Miltefosine (hexadecylphosphocholine), an oral medication that has proven effective for some types of Leishmania, is potentially teratogenic, is contraindicated during pregnancy and requires appropriate counseling for female patients of childbearing age.

Description:

Curaleish is a topical formulation in lotion and cream that contains natural extracts (hydroalcoholic and glycolic for lotion and cream, respectively) of the branches (stems and leaves) of the Caesalpinia spinosa tree known as "Tara" or "Davidivi" , which was developed by Bionest SAS, Duitama, Colombia.

The product is currently manufactured by Biohealthy SD S.A.S in accordance with Colombian Good Manufacturing Practices (BPM) and evaluated by PECET following the international standardized animal protocols and models of OECD.

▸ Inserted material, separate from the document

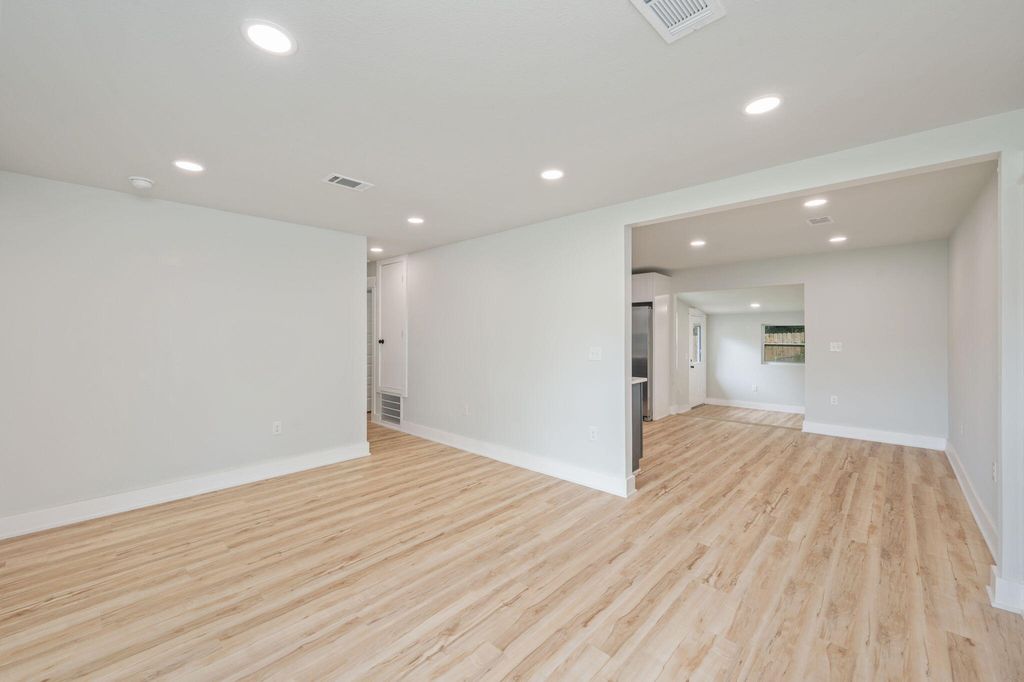 Image 11 of property listing at 51 6Th Street, Shalimar, FL 32579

The development of a topical formulation of Curaleish is intended to offer a treatment to be applied locally in the lesion of the LC, with a high antiparasitic effect. The formulation of Curaleish lotion and Curaleish cream containing natural extracts, started from the activity demonstrated in In vitro for the hydroalcoholic extract of C. espinosa (EC50 = 18.4 ± 1.3 µg / mL) and a low cytotoxicity evidenced by an LC50 of 135.6 ± 0.7, 183.3 ± 1.1 and 136.6 ± 7.4 µg / mL in human liver cells HepG2, human macrophages U937 and peritoneal hamster macrophages, respectively, and a selectivity index of 9.41, 9.96 and 7.42, respectively. This activity was validated in in vivo studies in hamsters experimentally infected with L. braziliensis. Applying the cream alone twice a day for 28 days produced a cure in 83% and fails in 17%. On the other hand, the lotion applied once a day for 28 days showed cure in 67% and relapse in 33%. When the lotion was used in combination twice a day and the cream once a day for 28 days, 100% cure was achieved, which occurred early in most hamsters, this is at the end of the treatment.

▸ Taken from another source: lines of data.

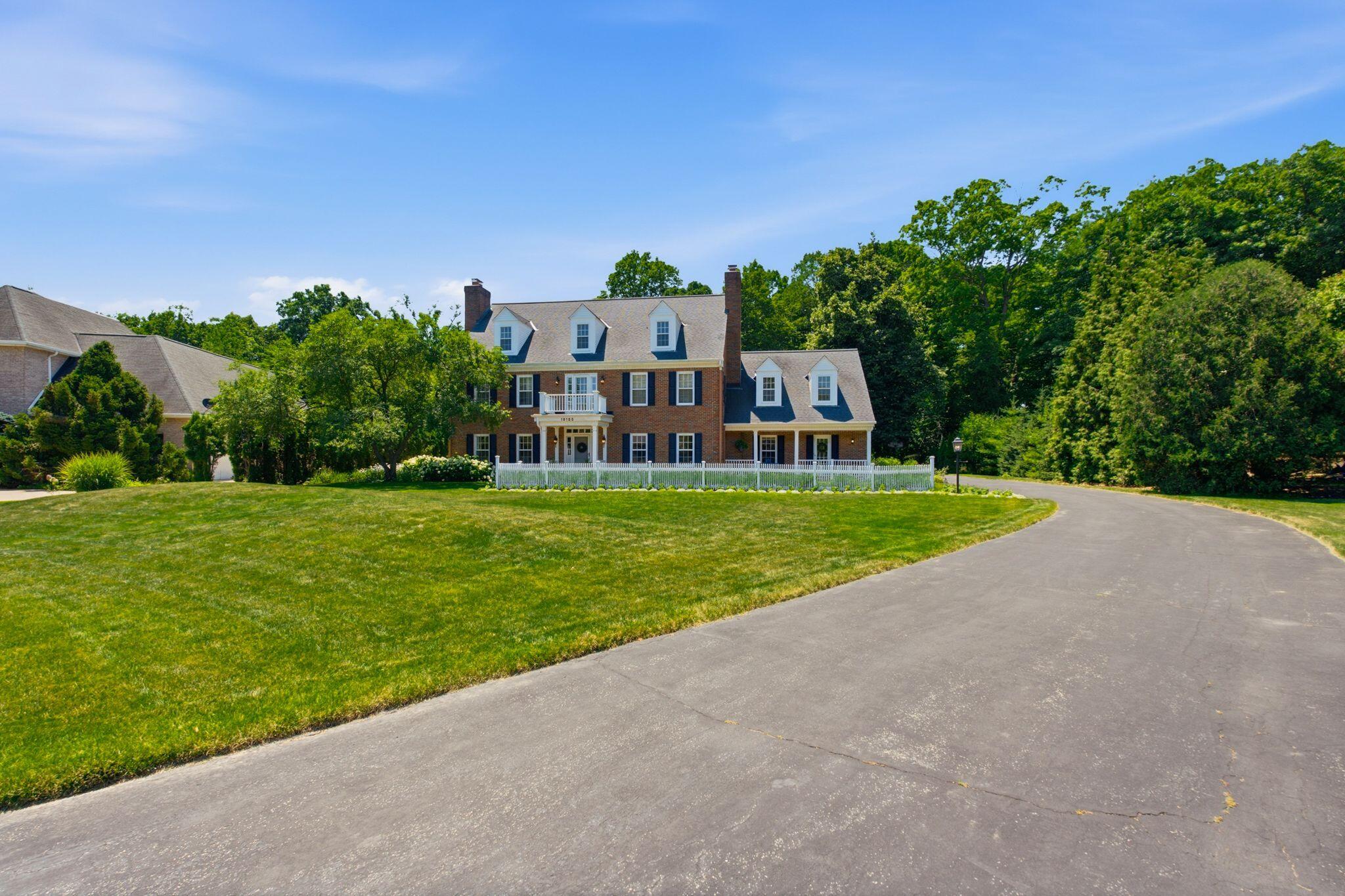 19185 Alta Vista Dr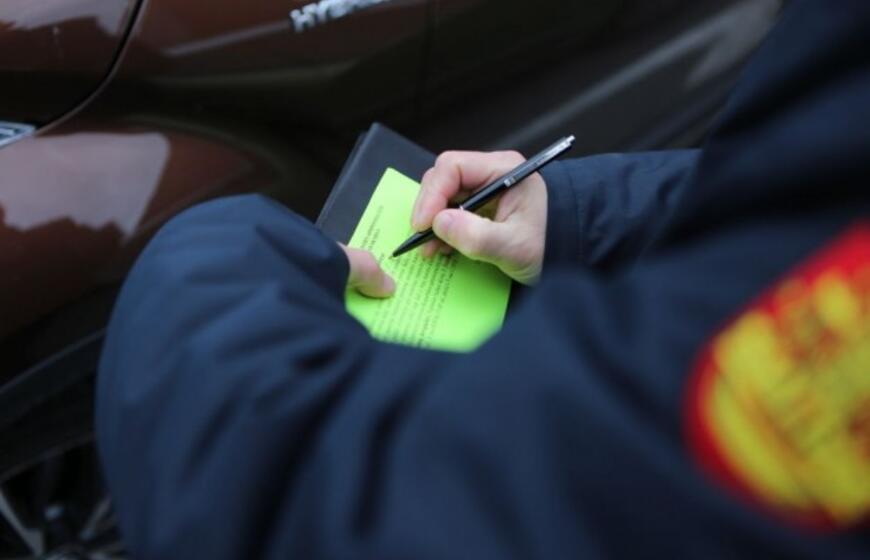 Laiko neskaičiuojantiems vairuotojams padovanojo laikrodžius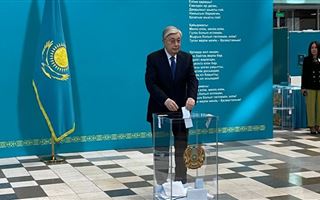 Президент Казахстана проголосовал на республиканском референдуме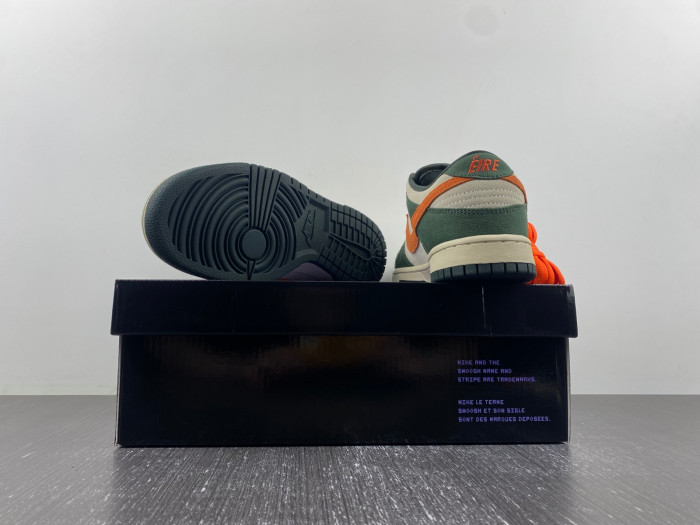 Nike SB Dunk Low Eire 304292-185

Accelerated stability tests for 3 months and natural stability (6 months) under Zone IV conditions of the ICH (conditions 25ºC / 60% RH, 30ºC / 65% RH, 30ºC / 75% RH and 40ºC / 75% RH) have shown that the product meets the criteria required for physical and microbiological analysis, established by the United States Pharmacopeia (USP). These parameters are for the cream: density 0.957 ± 0.000 g / mL for the cream and 0.958 ± 0.000 g / mL for the lotion; Extensibility area 123.24 ± 19.64 mm2 for the cream; pH of 6.69 ± 0.115 for the cream and 4.82 ± 0.017 for the lotion; <104 CFU of total aerobes and <103 CFU / mL for molds and yeasts.

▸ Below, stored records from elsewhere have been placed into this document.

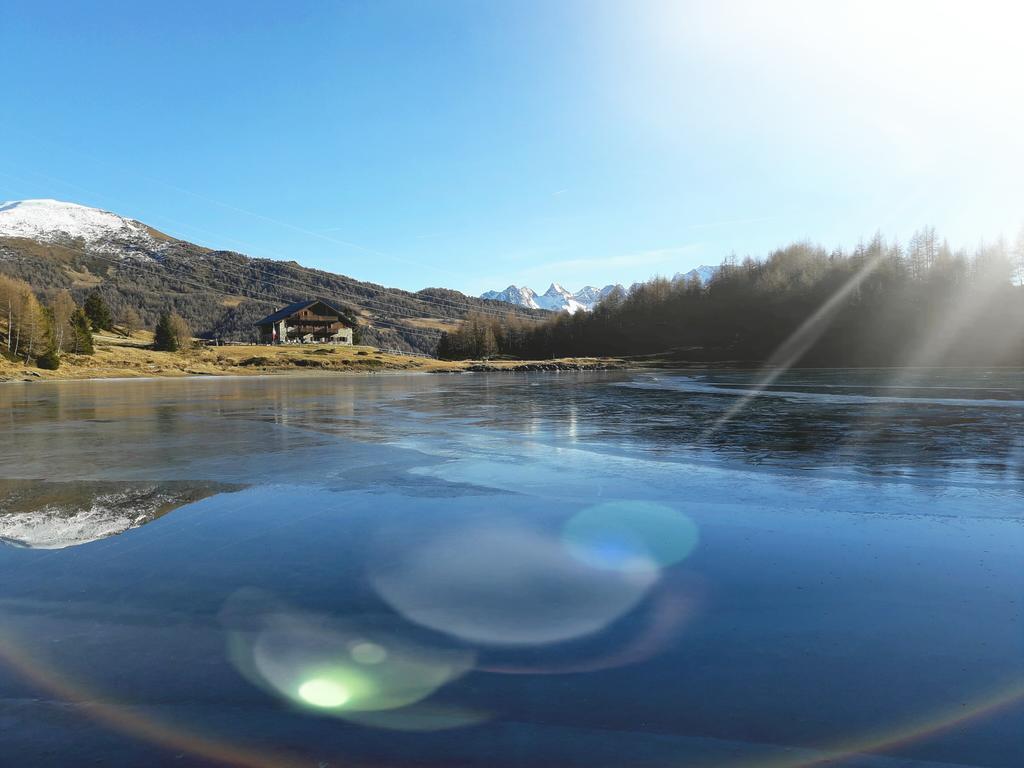 Rifugio Al Lago Del Mortirolo In Inverno Raggiungibile Solo A Piedi Monno Exterior foto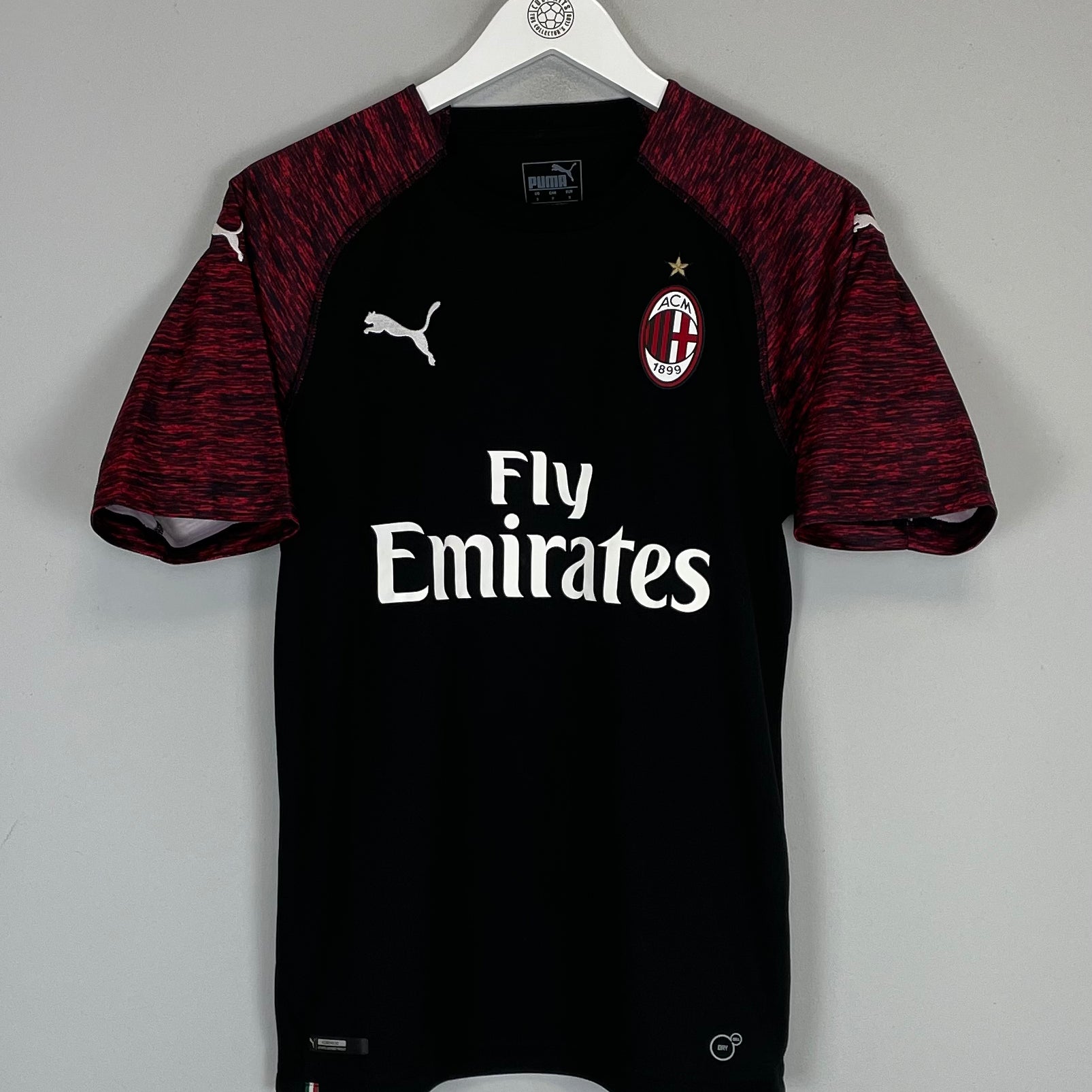 Shop 2018/19 AC MILAN THIRD SHIRT (S) PUMA, classic football shirts, vintage football shirts & retro soccer jerseys at Cult Kits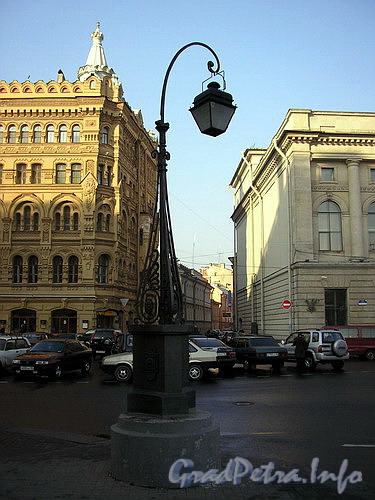 Фонарь перед Александринским театром.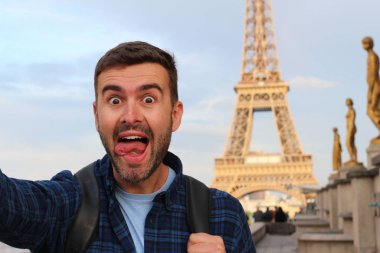 Kendinden geçmiş bir adam Eyfel Kulesi, Paris 'te selfie çekiyor.
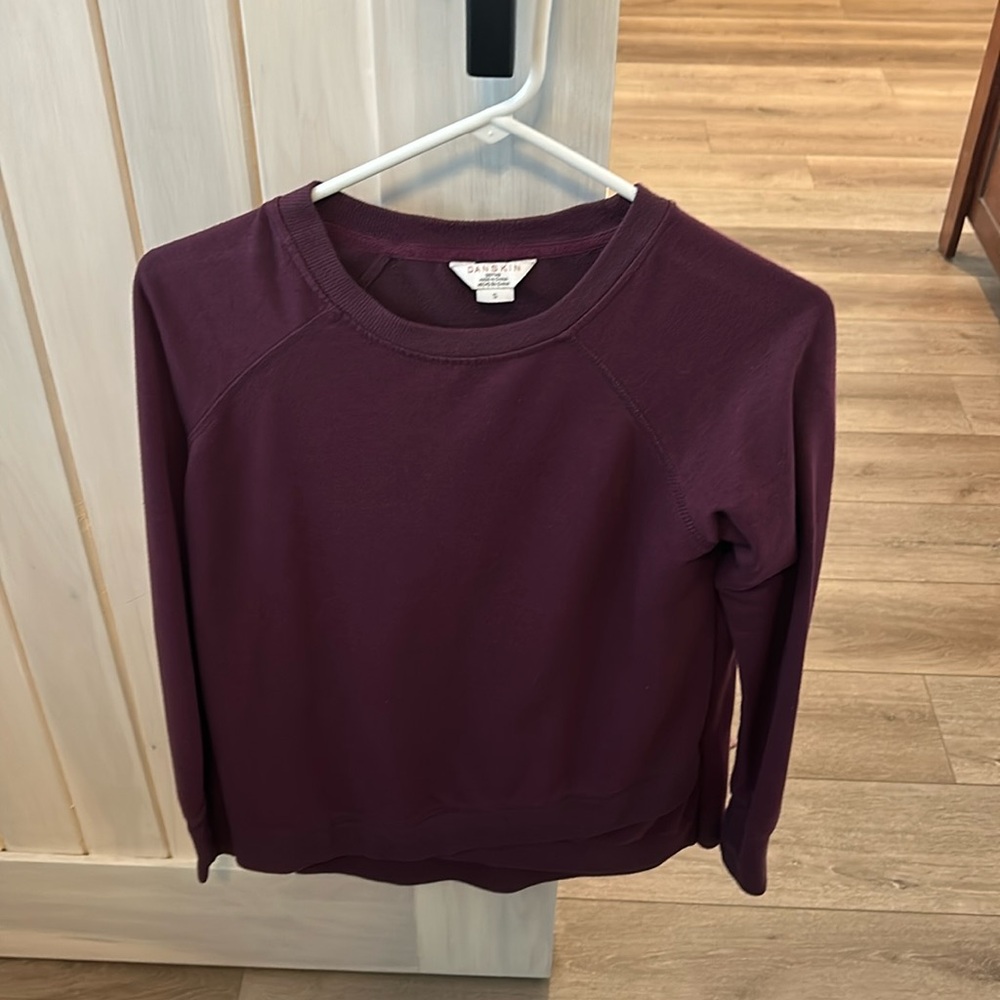 purple long sleeve sweater / shirt Danskin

Weight, clinical appearance and behavior data, as well as histological studies obtained from preclinical acute dermal toxicity tests as well as cellular viability data obtained in skin irritation / corrosion tests for Curaleish lotion and cream, executed according With the OECD guidelines, it was concluded that skin contact with Curaleish products does not generate toxic effects at the local level (application site) or at the systemic level, so it can be considered as safe for use.

An exploratory study to assess the safety, and to determine whether the Curaleish topical cream when the lotion is applied three times a day in combination with the cream, applied twice a day for 4 weeks showed that it is 83% effective for treatment of Colombian subjects with uncomplicated LC. 25 of 30 patients managed to cure between 1.5 and 3 months after the end of Curaleish treatment.

The development of a topical formulation of Curaleish is intended to offer a treatment to be applied locally in the lesion of the CL, with a high antiparasitic effect. Skin irritation/corrosion tests for Curaleish lotion and cream, performed following the guidelines of the OECD, allowed to conclude that skin contact with Curaleish products does not generate toxic effects locally, or at a systemic level, therefore they can be considered safe for use.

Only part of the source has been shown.